Es ist binnen eines Jahres die vierte Begegnung mit Oranje. Als WM-Verpasser waren die Holländer eben noch belächelt worden, doch in der Nations League zockten sie den Ex-Weltmeister Deutschland ab. In die EM-Qualifikation startete wiederum Löws Team als Sieger: 3:2 in Amsterdam, möglicherweise die Geburtsstunde einer neuen Mannschaft. Jetzt allerdings ist sie gesprengt. Weil Leroy Sané, der schnelle, unorthodoxe Typ vorne, mit seinem Kreuzbandriss fehlen wird, und kurzfristig fällt auch noch der als „Pendler zwischen Mittelfeld und Sturm“ vorgesehene Leon Goretzka aus. Löw hätte es schon lieber gehabt, „wenn ich eine Mannschaft mal für acht, zehn, zwölf Spiele zusammen hätte“. Das ist ihm nicht vergönnt.

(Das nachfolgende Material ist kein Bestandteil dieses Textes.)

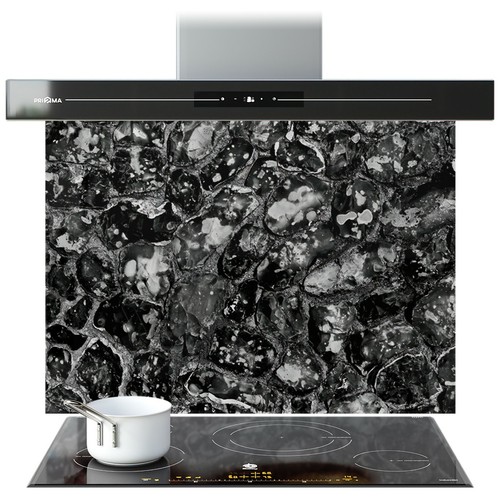 Kitchen glass splashback - glass,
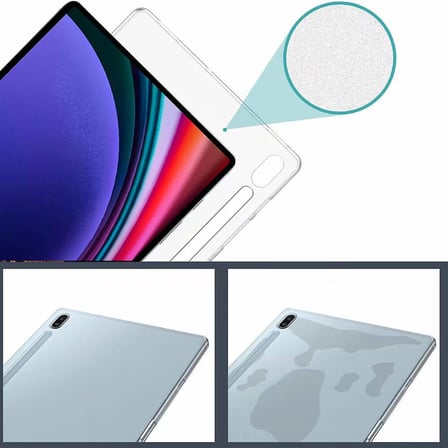 Galaxy Tab S9 Plus Kılıf ​NRTK Tablet Süper Silikon Kapak - Renksiz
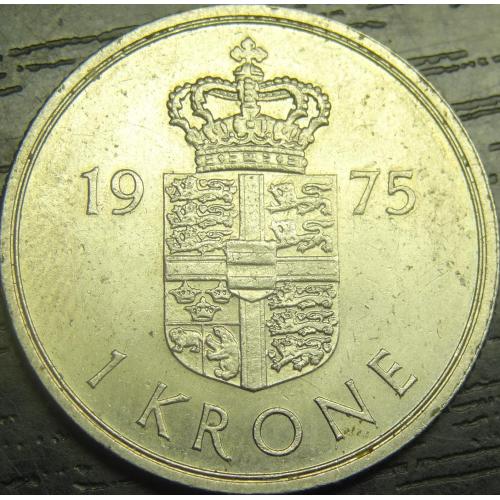 1 крона 1975 Данія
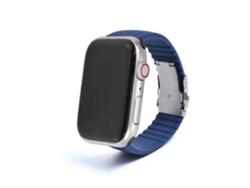 Correa Silicona Stripe Adaptable Apple Watch Series Se 2022 44Mm Azul Escuro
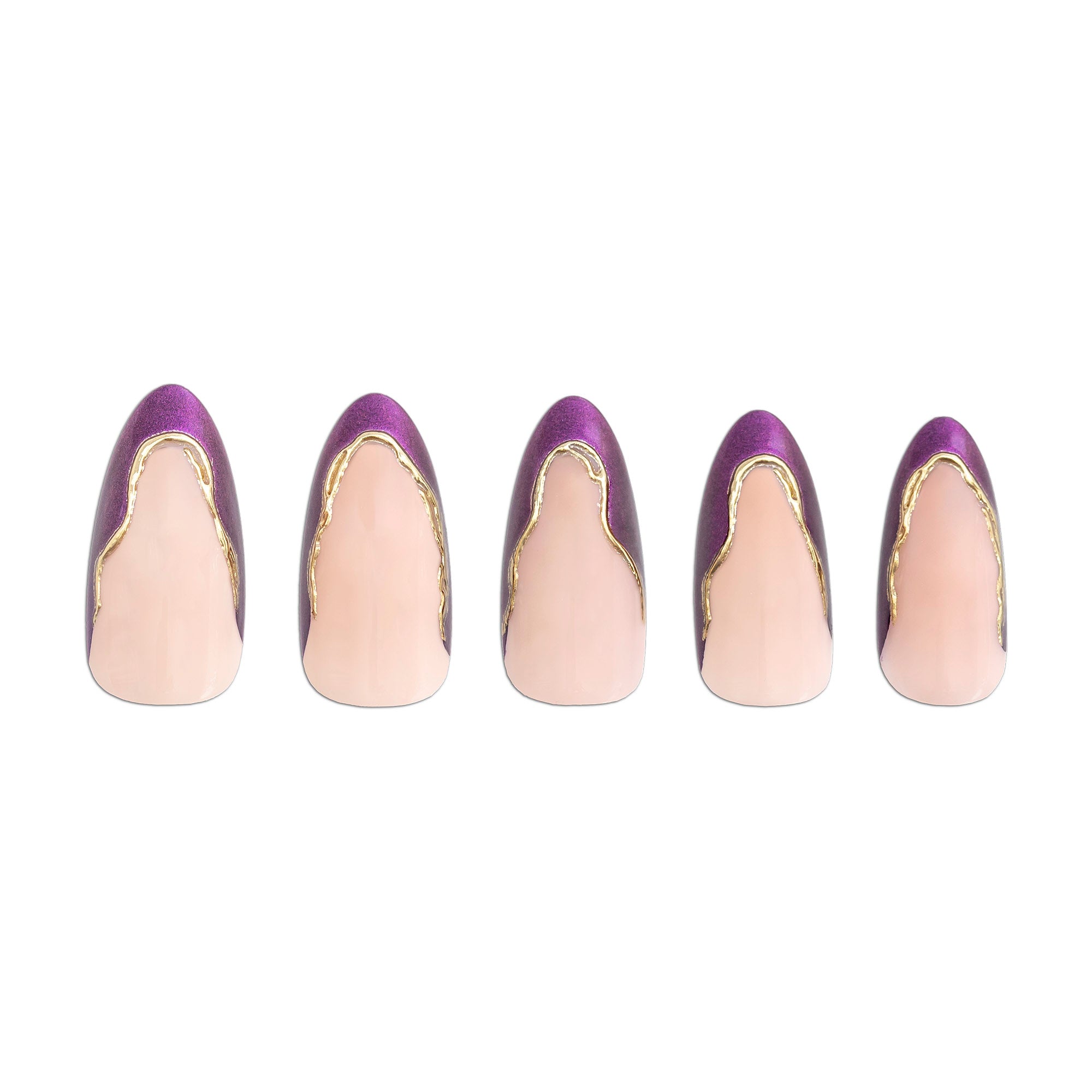 paintlab-violet-veil-almond-press-on-nails image 3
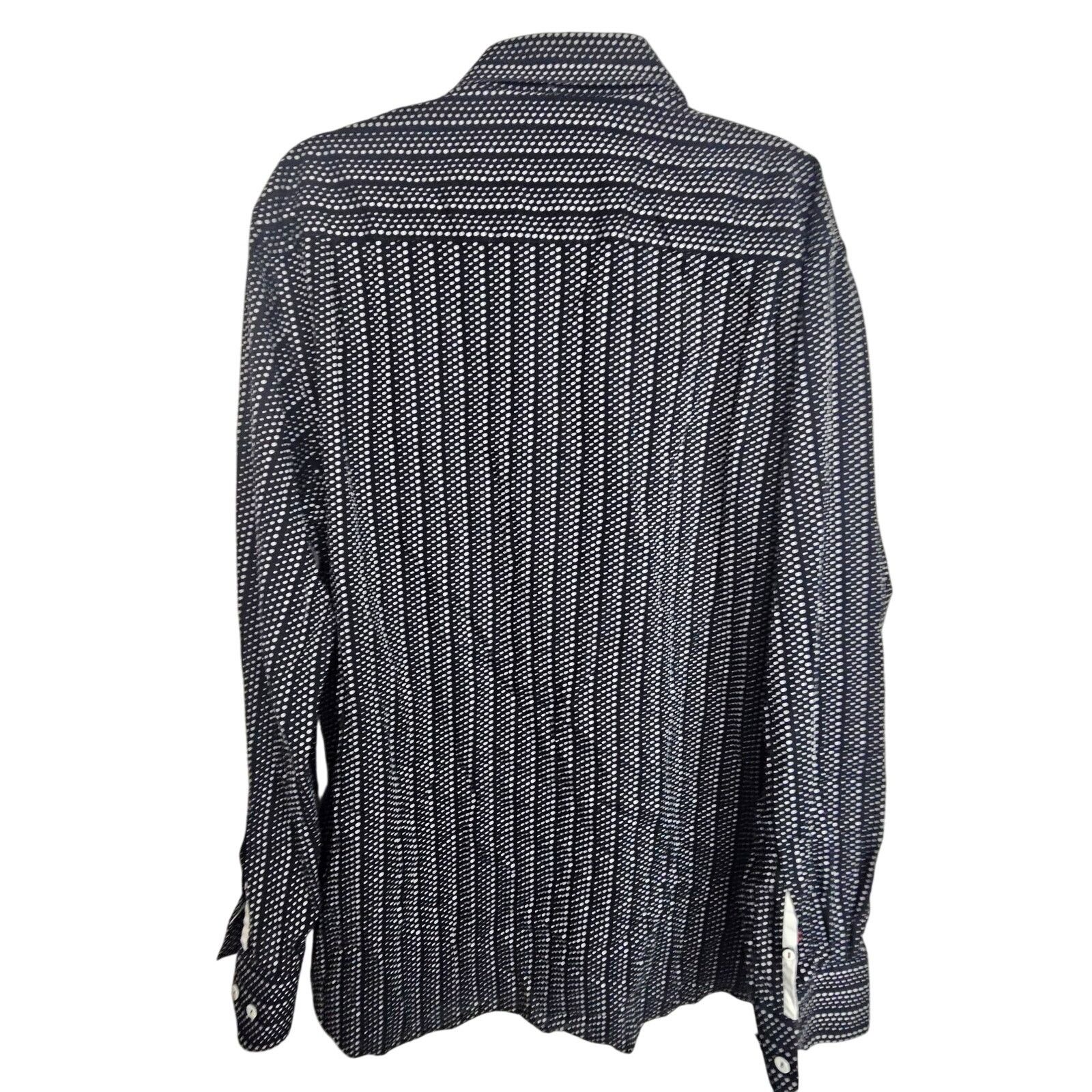 Luchiano Visconti Luchiano Visconti Black Geometric Polka Dot Shirt All Over Size US XXL / EU 58 / 5 - 9 Thumbnail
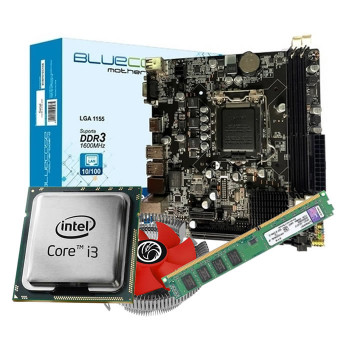 Kit Upgrade Intel 10º Geração Core i5-10400 2.90Ghz, Placa Mãe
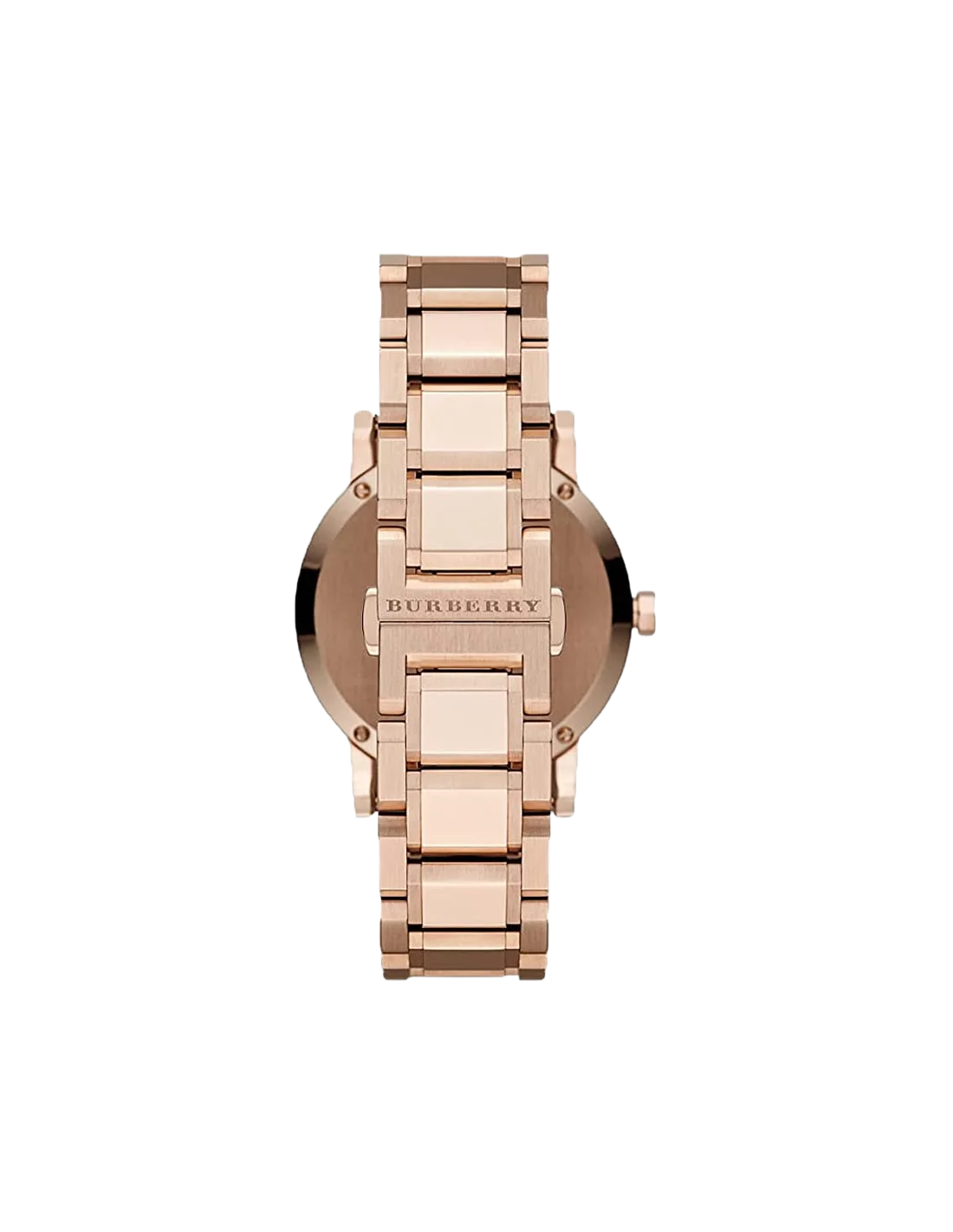 Montre Homme Burberry BU9353 Chronographe Acier Or Rose - Cadran Marron vue 4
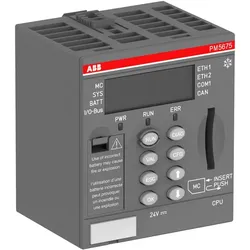 ABB PM5675-2ETH-XC Progr.Steuerung,160 MB,24VDC,2xETHERNET,1xRS232/485,CAN,Mem. Karte Slot,8GB Flash disk,.LCD,Outdoor 1SAP351500R0378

Aber für ihn sind einzelne Personalien auch nicht entscheidend. Die individuellen Fähigkeiten der Spieler über alles andere zu stellen, das soll nicht deutscher Stil werden. Im Sommer hat Löw seinen Einflüsterer, den ehemaligen Chefscout Urs Siegenthaler, zur Copa America geschickt und Argentinier und Brasilianer analysieren lassen. „Seine Erkenntnis: Da läuft alles über die Individualität.“
Löw will sie natürlich zulassen – aber in einem klaren Rahmen: „Unsere Mannschaft steht seit acht, neun Jahren für Geschlossenheit, sie lebt von der Raumaufteilung in Offensive und Defensive. Jeder Spieler muss sich an eine Aufgabe halten. Machen wir das nicht gut, spielen wir nicht gut.“
Der Bundestrainer will den Kollektiv-Gedanken implementieren – dennoch werden die Fragen nach einzelnen Spielern immer wieder gestellt. Derzeit nach dem auch unter Bundesligakollegen laut „Kicker“-Umfrage hoch bewerteten Leverkusener Kai Havertz. Noch sieht Löw ihn mehr als einen, „von dem man weiß, dass er was bewegt, wenn er reinkommt“. Er lobt: „Es macht Spaß, dem Jungen zuzuschauen, in seinem Alter hat er auch schon drei Jahre Bundesligapraxis. Er hat die U 21 einfach übersprungen, kam sofort zu uns. Für den findet man einen Platz in den nächsten Jahren.“ Einen festen. Wie für den Sersch.